Deni wasn’t sure she believed her. She glanced at Mark and saw doubt on his face as well. She turned back. “What was she like the last time you saw her?”
“What do you mean, what was she like?”
“I mean, was she still on drugs after the outage? Was she withdrawing?”
Lacy glanced back again, then stepped outside and pulled the door closed behind her so her mother couldn’t hear.
Now maybe they’d get somewhere.
“It was bad,” Lacy said in a quiet voice. “She woulda gnawed off an arm for a fix.”
Deni tried not to linger on that image. “We found syringes in her purse. What was her drug?”
“Crank,” Lacy said.
Just as Deni had thought. Crank was one of the street names for heroin. Besides her acquaintance with a classmate who used the stuff, she’d done some research on the drug for a speech class in college. Heroin was one of the most difficult drugs to detox from.
“So, let me ask you this,” Mark said. “If she was addicted to heroin when the outage happened, and she couldn’t get anymore, what do you think she did about it?”
“Same thing the rest of us did,” Lacy said. “She spent whatever cash she still had on getting what she needed, and then she ran out. And like the rest of us, she was out of luck.”
“What happened?” Deni asked. “Did you get sick?”
“Sick isn’t the word,” Lacy said. “It’s painful and miserable. Your
bones and muscles hurt, you vomit, you can’t sleep, and you think you’re going to die. Nothing better get between you and the needle.”
“How long does it last?”
“A week really bad. Some of the symptoms go on for weeks. Months, even.”
Clearly, Lacy was still in bad shape herself. “You said you found syringes?” she asked, desperation tightening her face. “Did she have any dope?”
If she had, Deni knew Lacy would have done whatever it took to get her hands on it. “No,” she said. “We didn’t find any.”
Lacy shrugged. “Figures. Nobody has any.”
“So the outage basically saved your life,” Mark said.
“Or ended it, depending on how you look at it.”

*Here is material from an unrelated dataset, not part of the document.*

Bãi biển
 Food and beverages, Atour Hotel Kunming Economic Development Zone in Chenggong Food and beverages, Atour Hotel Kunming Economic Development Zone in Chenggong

Deni tried to imagine what that meant. Did Lacy really feel that her life as an addict was more real than this one? How sad. She hoped Lacy could stay away from drugs long enough to think rationally again. “Jessie’s kids say she hasn’t been seen since two weeks after the outage.”
“Sounds about right. She probably had some dope on her or was able to get some for the week after the outage. After that, with no transportation to bring the stuff in, the dealers were running out, and there was no cash to pay for it. She probably got sick.”
“Do you think she would have put herself in harm’s way to get more heroin?”
Lacy started to laugh. “Of course. She would have sold her body … one of her children … all of her children. Those cravings, they control you, and a lot of people I know were in dire straits when the drugs weren’t coming anymore.” She studied their faces, then flipped her stringy hair back. “You know, people like you think they’re so much better than us. But you’re not.”
“I wasn’t thinking that.”
“Yes, you were. You’re judging me just like you’re judging her.”